Oil Rises on Speculation Central Banks to Boost Stimulus
Oil rose on speculation that central banks will take steps to bolster global economic growth as investors await Greek elections this weekend.
Futures climbed a second day as policy makers from the U.K. to Japan and Canada stepped up warnings about the threat to financial markets should Europe fail to contain its debt crisis. The Greek vote June 17 may determine whether the country remains in the euro bloc. The Federal Reserve starts a two-day meeting June 19.
“It is looking increasingly likely that central banks will take action and increase stimulus,” said Phil Flynn, senior market analyst at the Price Futures Group in Chicago. “The Fed has a lot of cover for stimulus and might not even wait for the meeting next week.”
Crude for July delivery rose 12 cents to $84.03 a barrel on the New York Mercantile Exchange. The contract climbed to $84.80 earlier. Prices dropped 7 cents this week. They have dropped 24 percent from the year’s high of $110.55 a barrel on March 1.
Brent oil for August settlement gained 44 cents, or 0.5 percent, to end the session at $97.61 a barrel on the London- based ICE Futures Europe exchange.
The Bank of England said it will provide billions of pounds of emergency aid to U.K. lenders.
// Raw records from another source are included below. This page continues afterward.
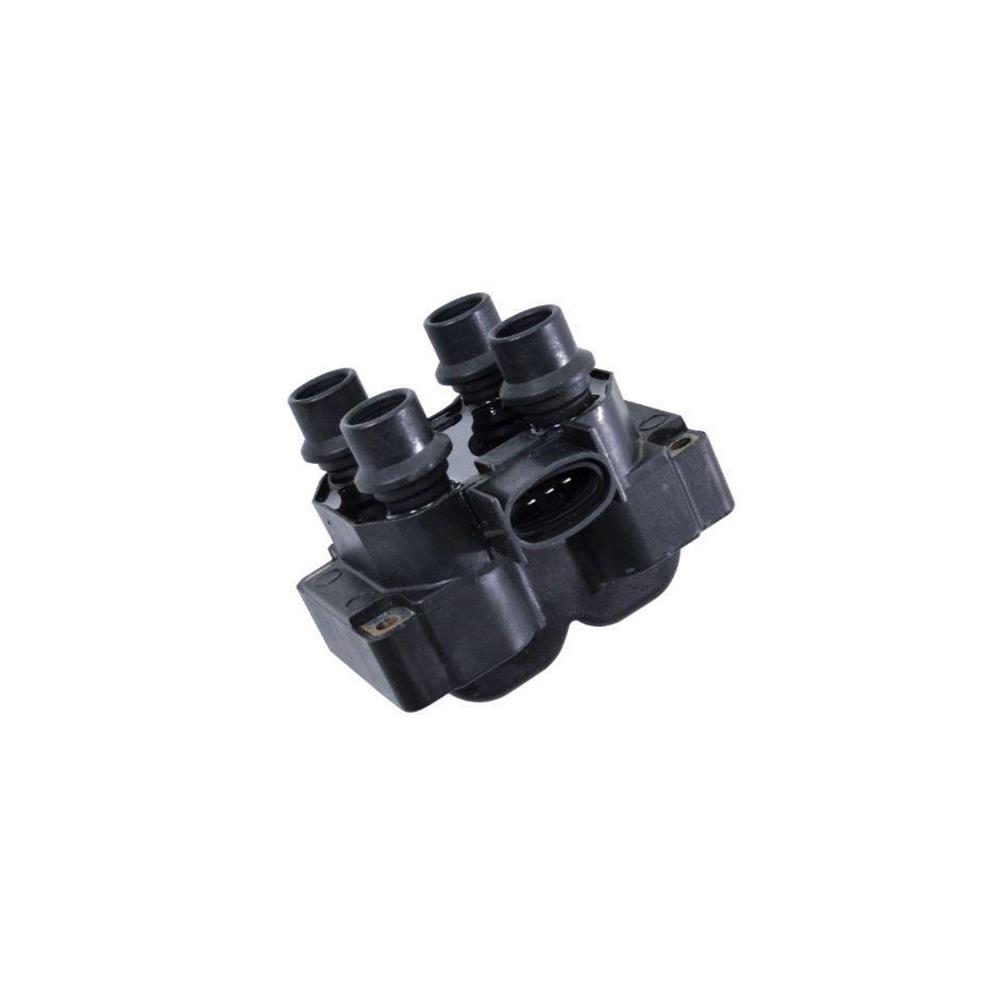 Bobina de Ignição Magneti Marelli BI0038MM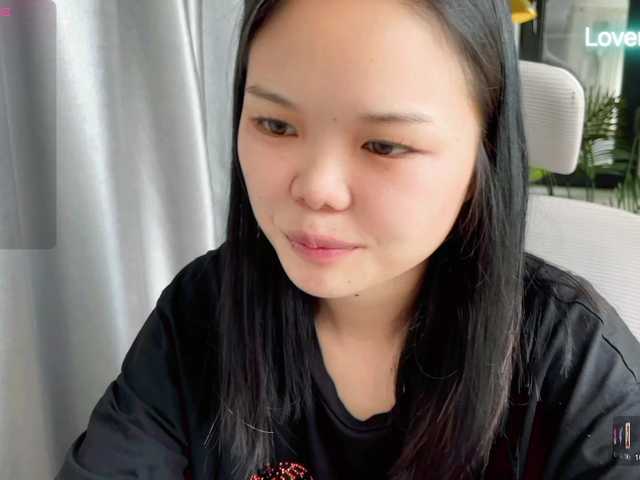 foxsusu live webcam show
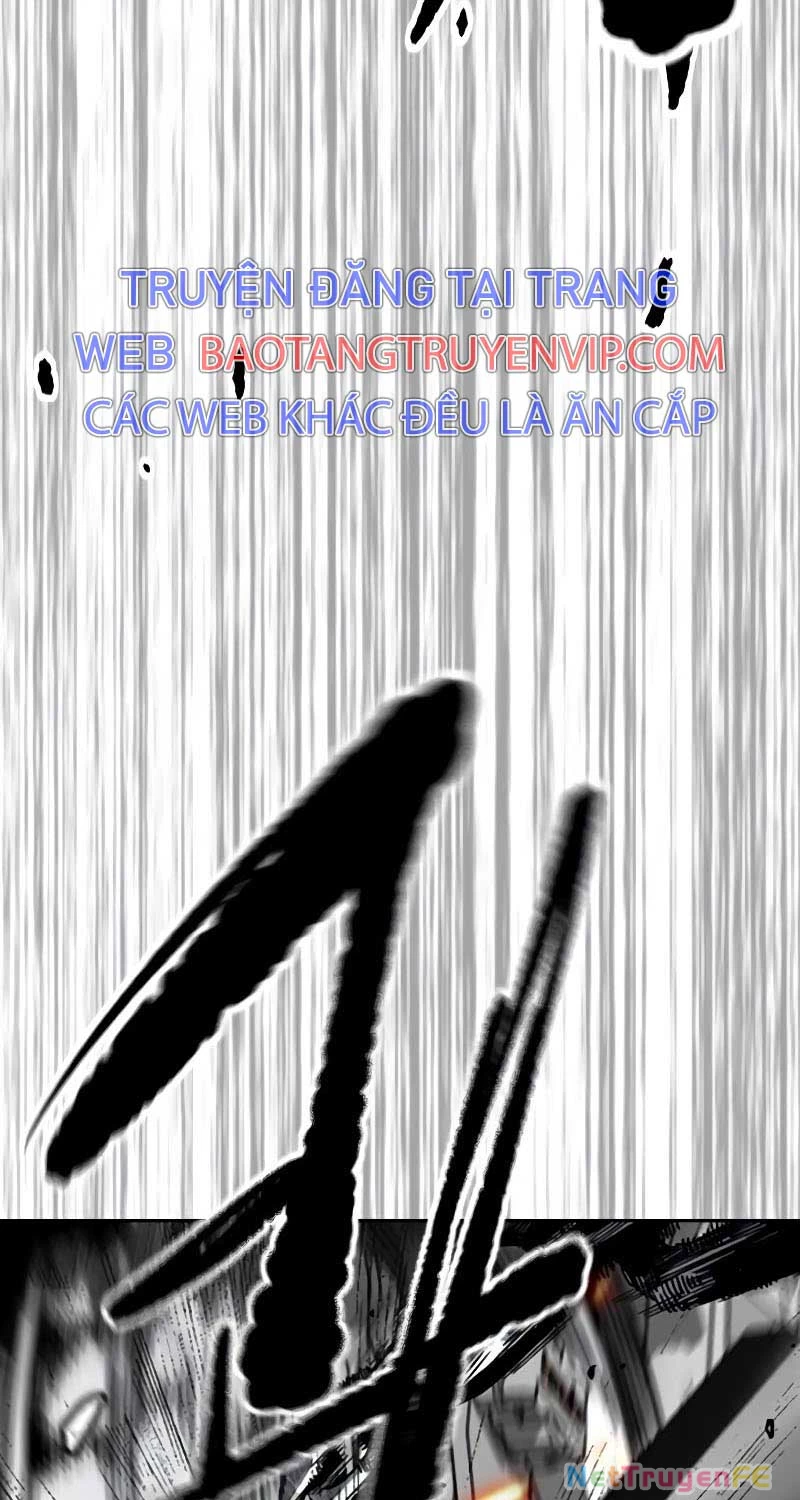 Thể Thao Cực Hạn Chapter 515 - Trang 4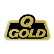 Q-Gold Resources Ltd. logo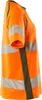MASCOT 19092-771-1433-4XLONE, T-Shirt, Frau, 4XLONE, 128 Produktbild-Vorschau 4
The central bank will allow the lenders to swap assets for money they can loan to companies and households.
Greeks will vote for the second time in six weeks after a May 6 ballot failed to yield a government. The final polls, published on June 1, showed no party set to win a majority. Exit polls will be released when voting ends at 7 p.m. June 17 in Athens, with a first official result estimate due around 9:30 p.m.
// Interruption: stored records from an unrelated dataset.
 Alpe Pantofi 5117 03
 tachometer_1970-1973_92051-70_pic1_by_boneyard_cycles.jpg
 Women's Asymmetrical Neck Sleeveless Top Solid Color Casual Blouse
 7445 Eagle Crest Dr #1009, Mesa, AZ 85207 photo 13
“Greece is holding the global economy hostage,” Flynn said. “The markets have been betting that the anti-austerity forces will lose, which would boost oil prices. If they win, there will be a deflationary downdraft that will impact all markets.”
European Union leaders will press for new efforts to boost the area’s economy and improve lending conditions, according to a draft document prepared for a June 28-29 summit in Brussels.
The Standard & Poor’s 500 Index and the Dow Jones Industrial Average each increased 0.7 percent.
Futures retreated from the day’s highs after industrial production in the U.S. unexpectedly fell in May for the second time in three months and confidence among American consumers declined in June to the lowest level this year.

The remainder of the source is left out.